Enough pork loin for the people at hand, maybe ¾ lb per person, fat still on. This is variable, usually a 6 pounder will feed 8 people. A 1.5 pounder will feed two. If you are lucky, you might have enough left over for a sandwich the next day or so. The cooking times will probably need adjustment up or down a bit depending on the size and shape thereof.

Cut diamonds or squares about 1” apart in the fat side. Roast at 350° for 1 hour fat side up. Lube the pan enough not to burn, you want to capture the juices below the cooking rack. I put some water in my pan and just deduct from the water in the sauce.

While it is roasting make up a paste. For every 1.5 lbs or so of loin:

1/4 cup brown sugar
1 clove minced garlic. If you’ve got a garlic press with different meshes, use the largest, Otherwise, just smash and mince with the knife.
1/2 teaspoon ground cloves. It is really better not to use ground clove. It is better to use clove buds spiked into the center of each square or diamond. Just like mama used to do with a ham. The reason is that the paste is mostly going to slide off as heat softens it. The cloves help anchor the paste to the top. Just use your hand and thoroughly mold the paste around the clove anchors. Don’t worry, the flavor will get through just fine.
1/2 teaspoon ground ginger
1 myrtle leaf if you can get it, bay leaf, otherwise. I like the subtle taste the myrtle gives. Don’t get too heavy, a little is good. A lot is NOT better. Kitchen scissors work well here. Clip the tip and the stem, chop the rest fine with the scissors.
kosher salt to taste, probably around 1/4 teaspoon per 1.5 lbs loin.
fresh ground pepper again too taste. Probably 8 to 10 grinds per 1.5 lbs loin.

Scale the paste up or down as needed. Just mix up the paste in a small bowl with a kitchen fork, then add enough dark rum to make a stiff paste – NOT a slurry, just enough run to help hold it together. Let the paste mellow in the bowl while the loin finishes the first hour of cooking.
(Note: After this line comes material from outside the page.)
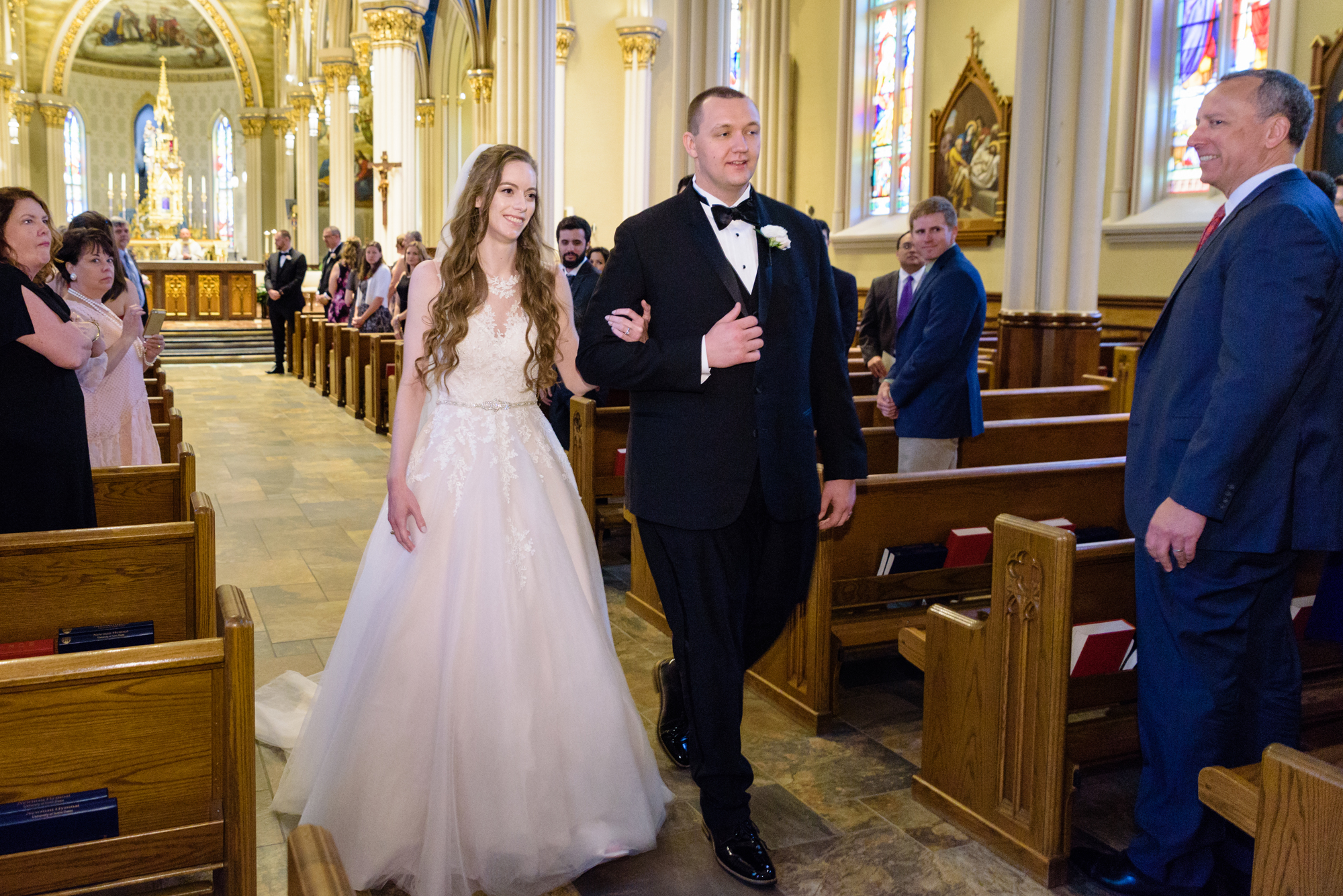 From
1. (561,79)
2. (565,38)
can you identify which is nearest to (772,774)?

When the loin has roasted, remove from the oven, save all the pan juice, pack the paste firmly onto the fat side, and roast another 30 minutes. Don’t overcook it, when your instant thermometer reaches 155° take it out and let it rest. It will coast up to 160°, which is just done pork.
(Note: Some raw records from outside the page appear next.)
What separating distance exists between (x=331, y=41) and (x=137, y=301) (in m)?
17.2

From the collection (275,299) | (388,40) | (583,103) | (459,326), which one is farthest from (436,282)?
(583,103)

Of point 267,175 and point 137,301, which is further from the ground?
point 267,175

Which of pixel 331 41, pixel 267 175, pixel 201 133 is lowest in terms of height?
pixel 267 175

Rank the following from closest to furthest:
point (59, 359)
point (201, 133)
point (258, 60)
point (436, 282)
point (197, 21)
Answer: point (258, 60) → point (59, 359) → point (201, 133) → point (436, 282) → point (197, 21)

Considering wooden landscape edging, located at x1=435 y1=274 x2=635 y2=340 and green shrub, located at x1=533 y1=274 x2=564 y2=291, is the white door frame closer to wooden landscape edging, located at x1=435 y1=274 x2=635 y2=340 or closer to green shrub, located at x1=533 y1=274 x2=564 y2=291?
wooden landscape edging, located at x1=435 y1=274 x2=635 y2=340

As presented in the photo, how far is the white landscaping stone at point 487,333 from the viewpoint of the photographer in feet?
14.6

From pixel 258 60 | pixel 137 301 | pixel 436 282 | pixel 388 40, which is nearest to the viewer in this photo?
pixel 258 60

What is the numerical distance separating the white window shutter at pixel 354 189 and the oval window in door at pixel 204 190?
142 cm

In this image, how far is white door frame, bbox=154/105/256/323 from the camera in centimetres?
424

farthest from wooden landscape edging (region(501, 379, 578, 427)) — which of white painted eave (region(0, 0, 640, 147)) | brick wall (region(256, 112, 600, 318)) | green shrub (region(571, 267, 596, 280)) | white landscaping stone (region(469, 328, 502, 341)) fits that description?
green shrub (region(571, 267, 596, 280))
While the roast rests make the following dip. Per 1.5 lbs of loin:

1/2 cup simmering water
1 cube chicken bouillon
1 teaspoon cornstarch

If the reserved pan juice has a layer of fat floating, just skim it off. Stir in all the pan juice and the bouillon. Add the cornstarch to just enough cold water to dissolve it and then stir that in to the simmering mix.

Slice up the pork and serve the sauce in dipping dishes.